#### PROVIDED DATA:
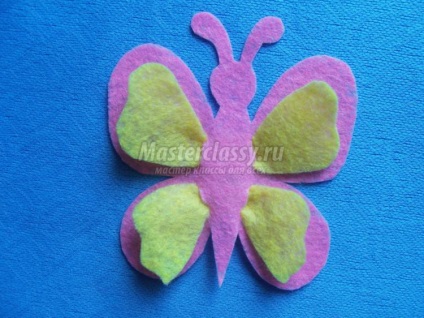 Butterfly din vascoza își șterge mâinile (tampoane) Butterfly din vascoza își șterge mâinile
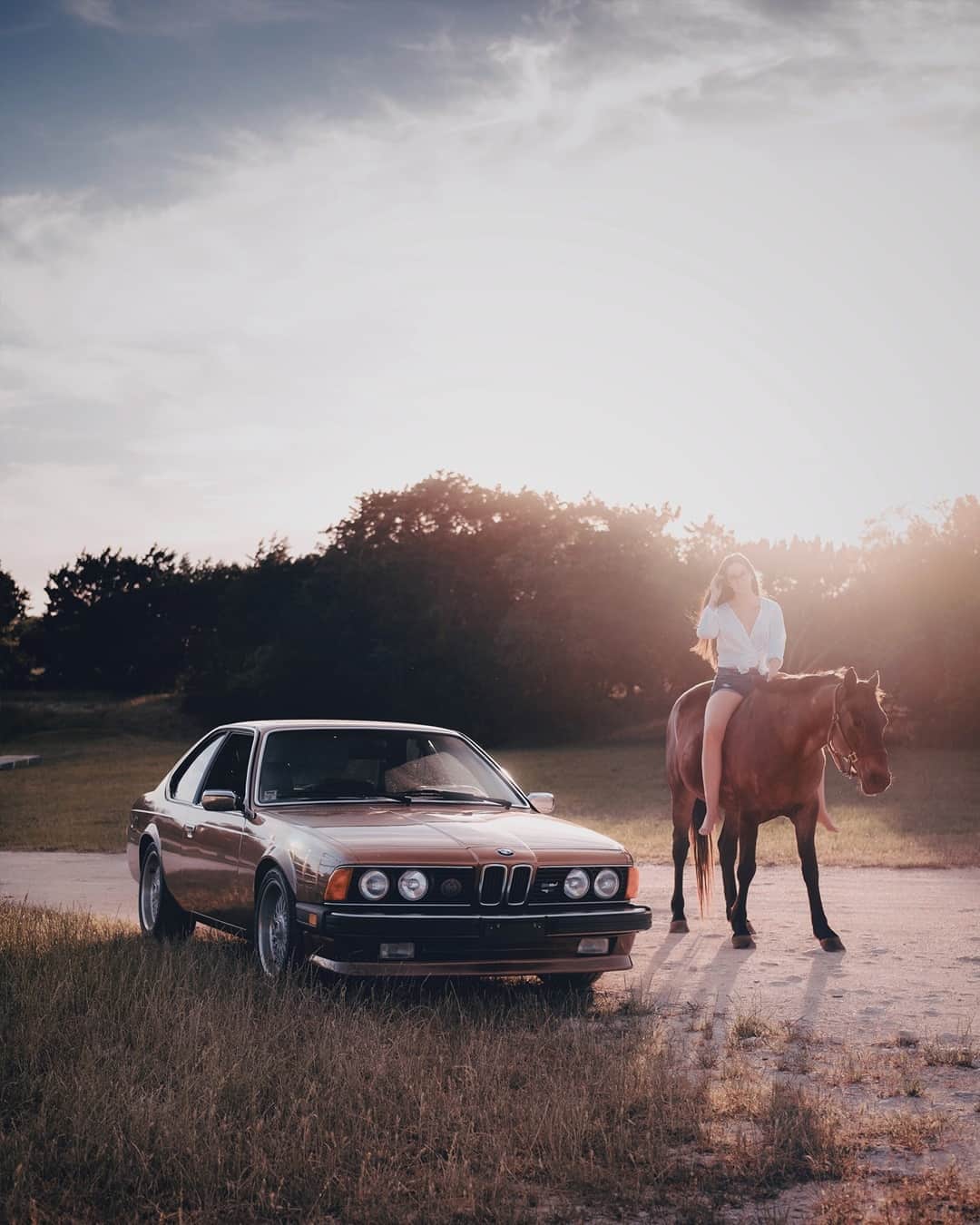 BMWのインスタグラム：「How much horsepower does a horse have? The first-generation of the BMW 6 Series. #BMW #6Series #BMWClassic#BMWrepost @_streetheart」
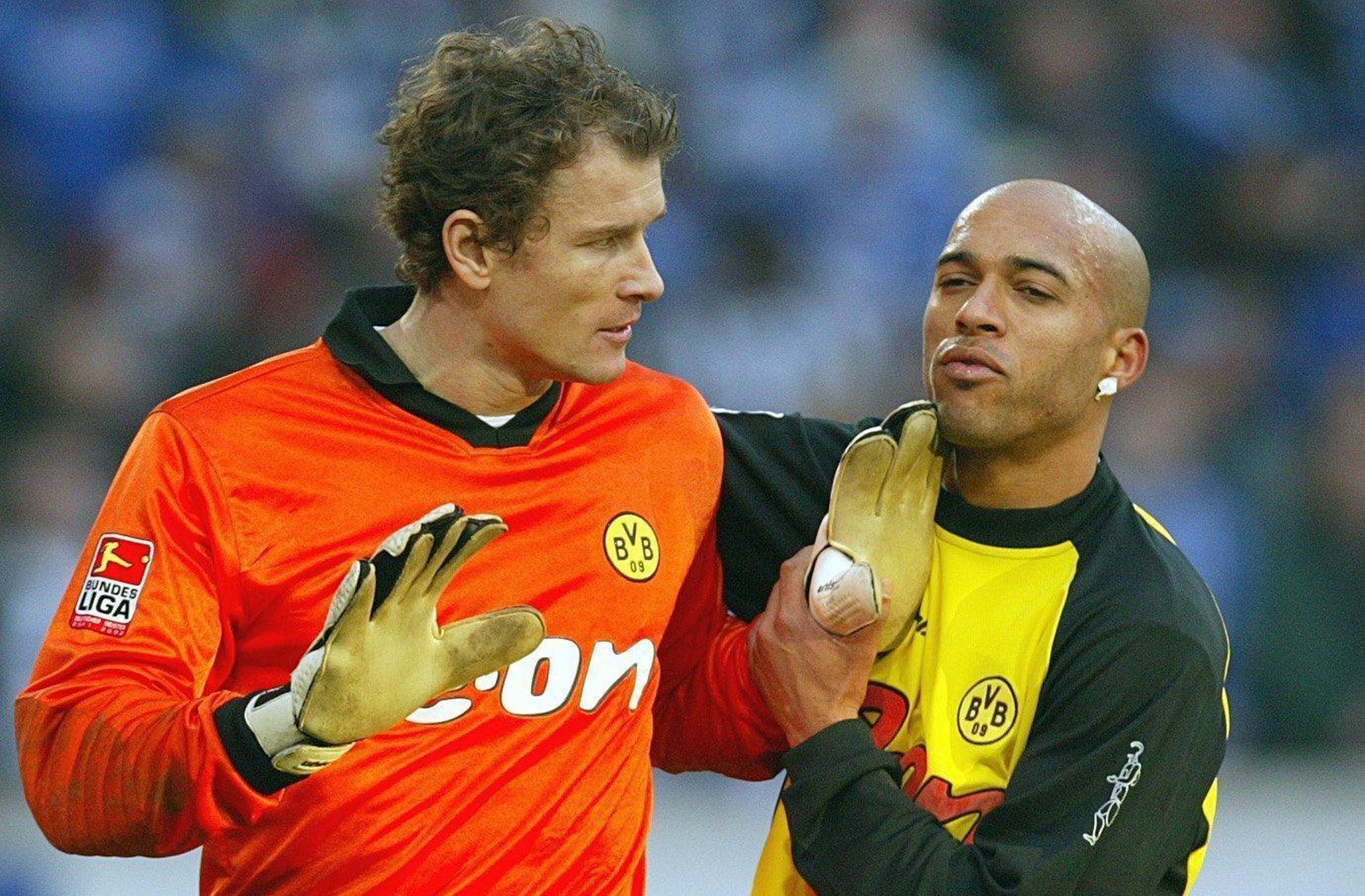 Zur Winterpause kehrt Jens Lehmann nach Deutschland zurück und stellt sich für Borussia Dortmund ins Tor. Doch bei den Schwarz-Gelben ist der Keeper nicht sonderlich beliebt. Er gilt als Rüpel. Foto: dpa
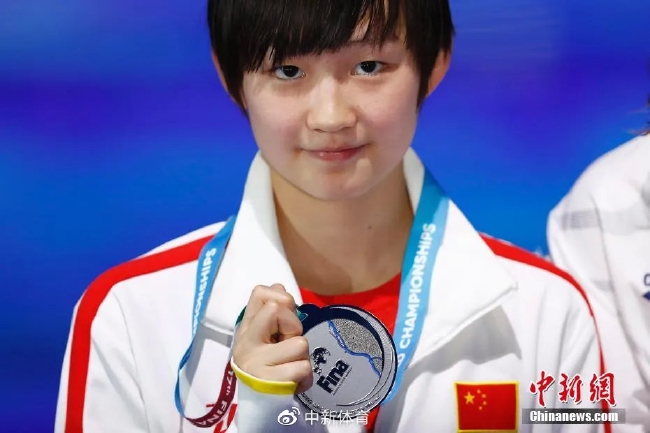 2017国际泳联世锦赛女子800米自由泳决赛,李冰洁以8分15秒46夺得亚军。中新社记者 富田 摄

#### AIM OF THE EXERCISE:
A verbatim transcription of the listing is expected, with no pictures included.

#### REPLY:
 Butterfly din vascoza își șterge mâinile (tampoane) Butterfly din vascoza își șterge mâinile
 BMWのインスタグラム：「How much horsepower does a horse have? The first-generation of the BMW 6 Series. #BMW #6Series #BMWClassic#BMWrepost @_streetheart」
 Zur Winterpause kehrt Jens Lehmann nach Deutschland zurück und stellt sich für Borussia Dortmund ins Tor. Doch bei den Schwarz-Gelben ist der Keeper nicht sonderlich beliebt. Er gilt als Rüpel. Foto: dpa
 2017国际泳联世锦赛女子800米自由泳决赛,李冰洁以8分15秒46夺得亚军。中新社记者 富田 摄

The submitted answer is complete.